Third, it can make disagreement more interpretable. If the system departs from the standard, we can ask where and how. Are the departures concentrated in cases with high uncertainty? Are they associated with low-probability high-severity outcomes? Do they reflect underweighting of particular consequences? These are more informative questions than simply asking whether the system was right or wrong.
Fourth, it can support comparison across decision makers, including human, algorithmic, and hybrid decision processes. If the same standard is used, then differences in observed choices can be interpreted relative to that standard rather than relative to shifting reviewer impressions.
These advantages depend on the standard being explicit. A hidden standard cannot do this work.

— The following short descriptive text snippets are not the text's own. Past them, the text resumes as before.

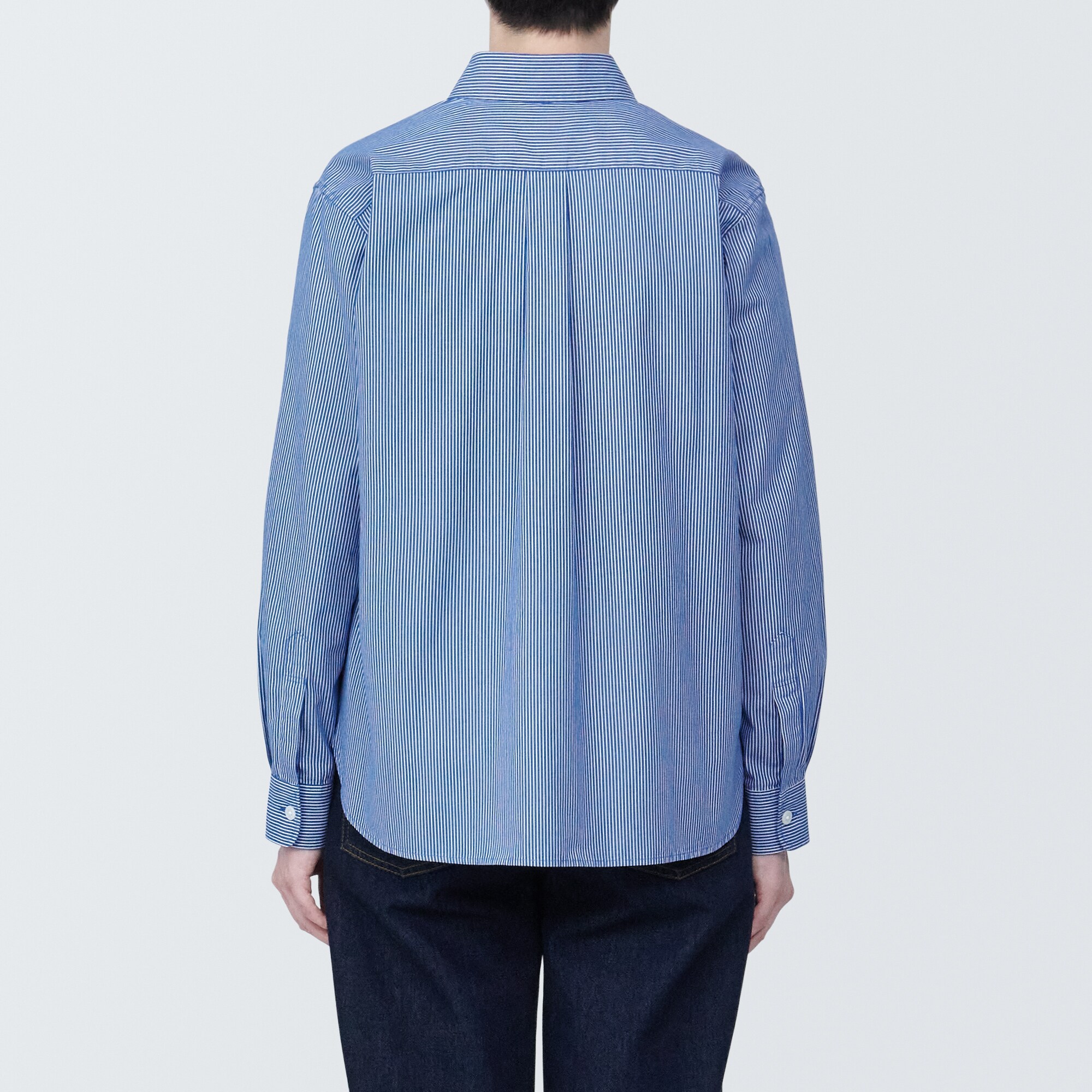 婦人　洗いざらし　ブロードレギュラーカラー長袖シャツ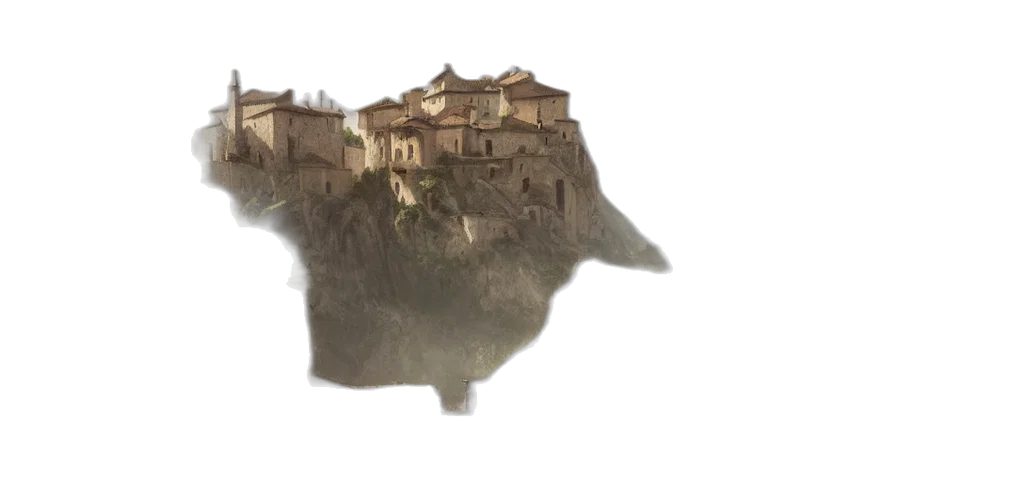 building, concept art, fantasy art, photorealistic, watercolor, fog, city street, rain transparent PNG cut-out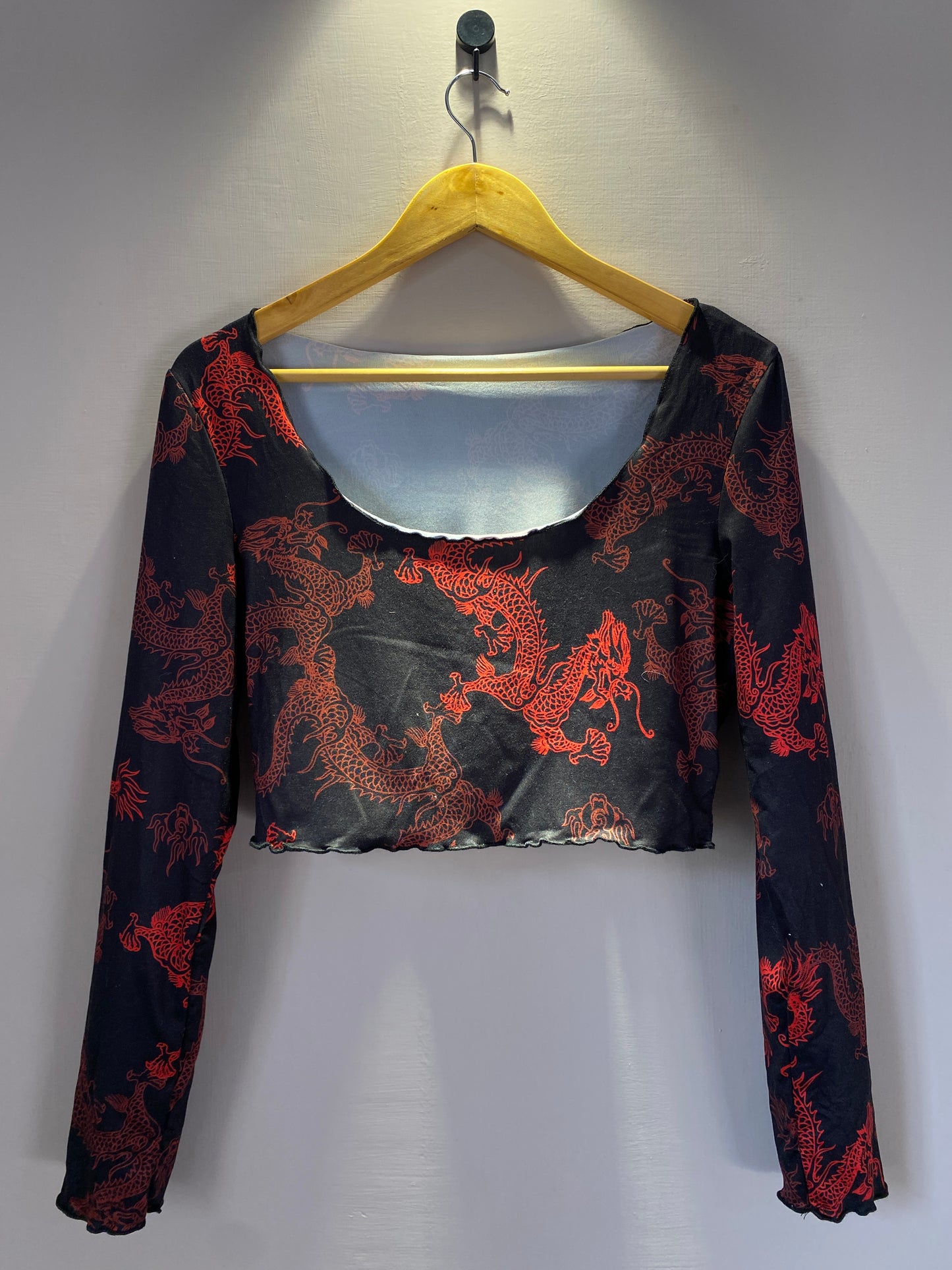 red-dragon-print-mesh-crop-top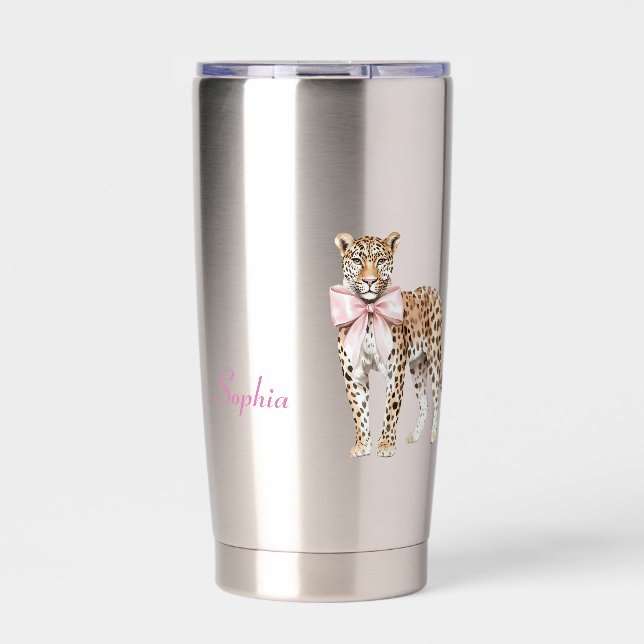 Leopard Pink Bow   Insulated Tumbler (Front)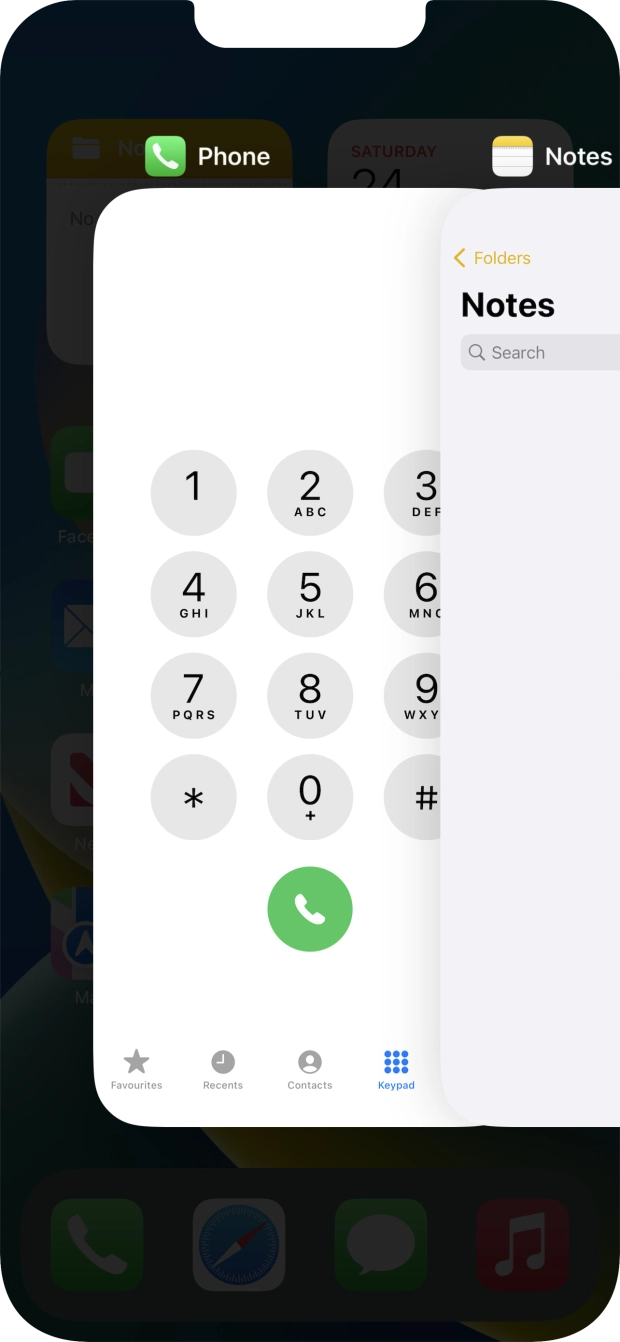 Slide upwards on the required application to end it. Slide upwards on the required application to end it.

What this kind of assessment cannot show
It is equally important to say what a procedural assessment does not show.
It does not show that the stated standard is the only reasonable one. SEU can be used as a reference point without claiming that every departure from SEU is irrational in every context.
It does not show that labels and outcomes are irrelevant. External validation remains important. If a system behaves in a way that is formally consistent with a stated standard but performs poorly in practice, that matters. The point is not to replace empirical validation with decision theory. The point is to add a dimension of assessment that empirical accuracy alone does not provide.
It does not show that a decision maker should be trusted. A system can be consistent with a stated standard and still be wrong about probabilities, wrong about utilities, incomplete in its representation of consequences, or inappropriate for the institutional setting in which it is being used.
Finally, it does not show that real decision makers must satisfy the standard exactly. That expectation would be too strong for most practical purposes. In applications, the more useful question is often not whether a decision maker perfectly satisfies the standard, but how its choices change as it departs from the standard.
That is the question of sensitivity.
Where this goes next
The next post turns from consistency to sensitivity.
If SEU is used as a reference point, then one possible evaluation asks whether observed choices satisfy the SEU standard. But a binary result is usually not the most useful result. Real decision makers may approximate a standard, satisfy it in some regions of a decision problem and not others, or depart from it in ways that matter more or less depending on the stakes.
The practical question is therefore graded: how consequential are departures from the stated standard? That question motivates the SEU Sensitivity project.